Funded Projects
Some of the most exciting projects that I've worked on. Feel free to ask for more info.
PIRvision Occupancy Sensor
Role: Project Investigator
Ground breaking Passive Infra-Red (PIR) based Stationary Occupancy Sensor. With the help of patented solid-state IR shutter, on-board Machine Learning and low-power Edge AI device, this sensor helps reduce energy costs by 57% via accurate stationary occupancy sensing.
Funding Agencies: NSF, ARPA-E​
​Demos and Datasheet: pirvision.com
Simulation for a Mems-Based CTRNN Ultra-Low Power Implementation of Human Activity Recognition
Role: Primary Researcher
I developed a simulation model for a novel computing approach that uses Microelectromechanical Systems (MEMS) sensors for simultaneous acceleration sensing and computing. This innovative approach is aimed to eliminate the traditional computing elements such as the processor and RAM to reduce power consumption, size, and cost in wearable electronics and other resource-constrained devices for human activity recognition.
Funding Agencies: NSF
​Publications: [7], [8], [9]
GitHub Repo: github.com/em22ad/MEMS_CTRNN_learning_framework
Networked Smart Sensors Meet Bayesian Fusion
Role: Primary Researcher
This work presents a novel Bayes Filter-based occupancy detection framework that achieves superior accuracy without relying on historical sensor data.
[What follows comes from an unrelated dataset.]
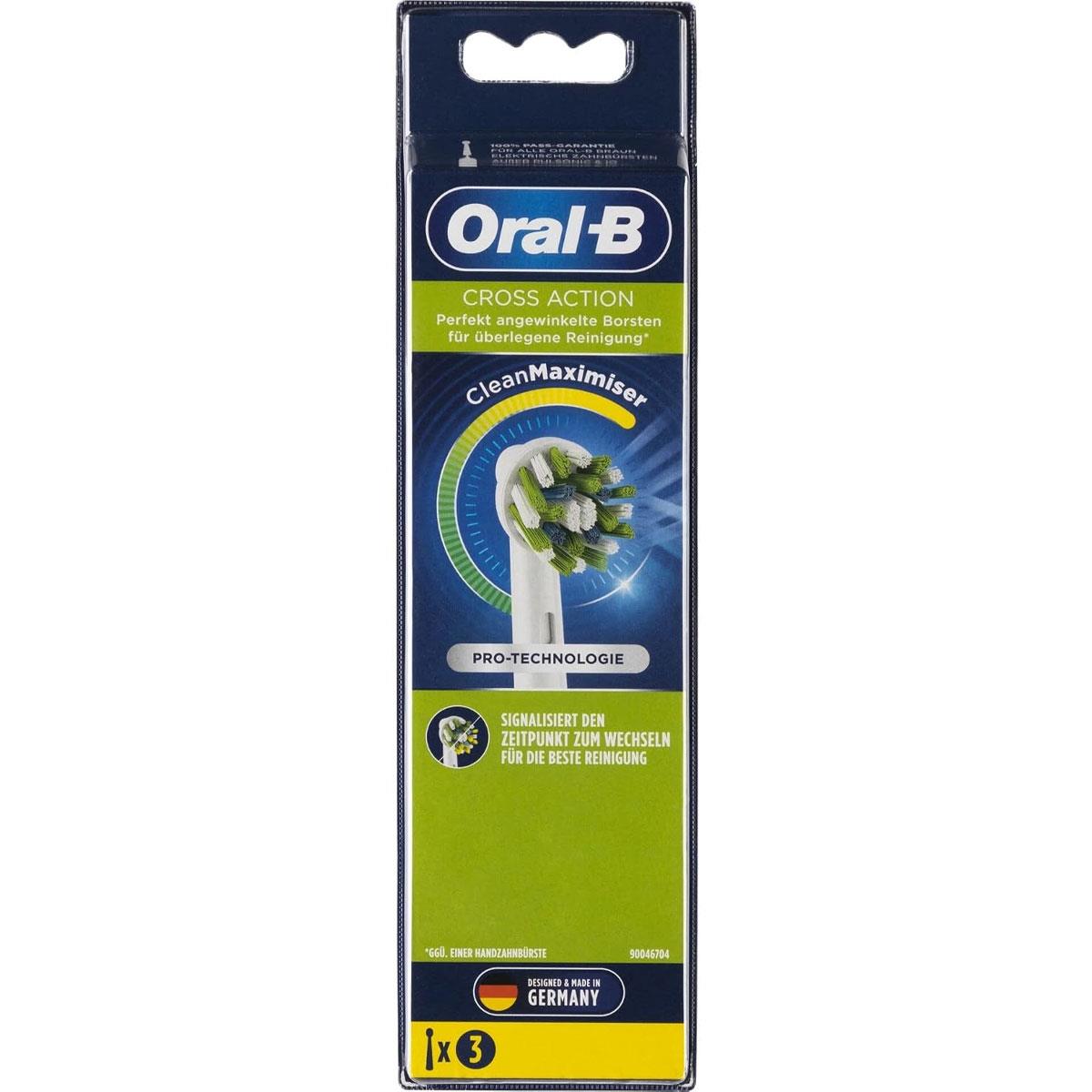 Oral-B Cross Action Clean Maximizer Electric Toothbrushes Replacement Brush Heads 3 Pack - White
By modeling indoor occupancy as a Markov Decision Process and combining LSTM-based classification with Bayesian filtering, our system achieves 92.04% detection accuracy - outperforming existing methods by up to 15.52%. With an execution time of just 59ms per estimate and validated through extensive 30-day testing, this work demonstrates a computationally efficient and practically deployable solution for smart building applications, even in challenging environments with infrared noise and shielding effects.
Funding Agencies: ARPA-E
GitHub Repo: github.com/em22ad/Occupancy_Detection_Multisensor_Fusion
Drone based Hazard Level Estimation in Adversarial Environment
Role: Primary Researcher
Multiple robots are assigned a navigation task in uncertain conditions, and they may fail, potentially providing valuable information to mission planners. The approach involves modeling each robot's mission as MDP in a sequential deployment scenario. By incorporating mortality and communication imperfections, a Bayesian Estimator is constructed to analyze the associated MDP. The estimator utilizes a Markov chain Monte Carlo (MCMC) based drone flight path generator and simulator framework which automatically aids in policy adjustments based on failures and improving navigation outcomes.
Funding Agency: DARPA
In Press: [10]
GitHub Repo: github.com/SubMishMar/SNARE_PAPER​
Hybrid CNN-LSTM based Indoor Pedestrian Localization with CSI Fingerprint Maps
Role: Senior Researcher
We present a novel indoor localization system that achieves unprecedented accuracy using Wi-Fi Channel State Information (CSI) fingerprinting. Our key innovation, the 'CSI Fingerprint Map', combines with a hybrid CNN-LSTM architecture to effectively learn spatial-temporal patterns in Wi-Fi signals. Using only standard Wi-Fi infrastructure, our system achieves remarkable accuracy with average errors of just 17cm in static and 36cm in dynamic environments, significantly outperforming existing methods. Through adaptive sliding windows and particle filter-based refinement, we demonstrate that reliable, fine-grained Wi-Fi localization is achievable with minimal infrastructure requirements and moderate environmental noise.
Funding Agency: NSF
In Press: [19]
GitHub repo: github.com/em22ad/CSI-Fingerprint-Indoor-Localization
Monocular SLAM for LNG Plant Inspection
Role: Senior Researcher
For an autonomous mobile robot navigating in an LNG plant, pose estimation is a significant challenge. In this project, we aimed to develop a low cost pose estimation and mapping system by advancing the state-of-the-art in visual localization and mapping, or visual SLAM. A robust and scalable approach enabled a vehicle to operate for long periods of time in a plant environment without requiring reliable GPS reception. We adapted techniques for pose estimation and loop closure were tailored to the unique scenery found in industrialized environments such as LNG plants. The project also captured a range of datasets with ground truth throughout the field tests on a robot platform.
Funding Agency: NSF
GitHub repo: https://github.com/em22ad/
Pan-Tilt Stereovision-based Navigation System for Mobile Robots
Role: Primary Researcher
I designed and implemented an intelligent motion system for mobile robots that uses pan-tilt enabled stereovision system for sensing the environment. The proposed system uses stereovision as a primary method for sensing the environment, and the system is able to navigate intelligently in an indoor environment with varying degrees of obstacle complexity. It creates noiseless and high-confidence 3D point clouds and uses these point clouds as an input for the mapping and path-planning modules.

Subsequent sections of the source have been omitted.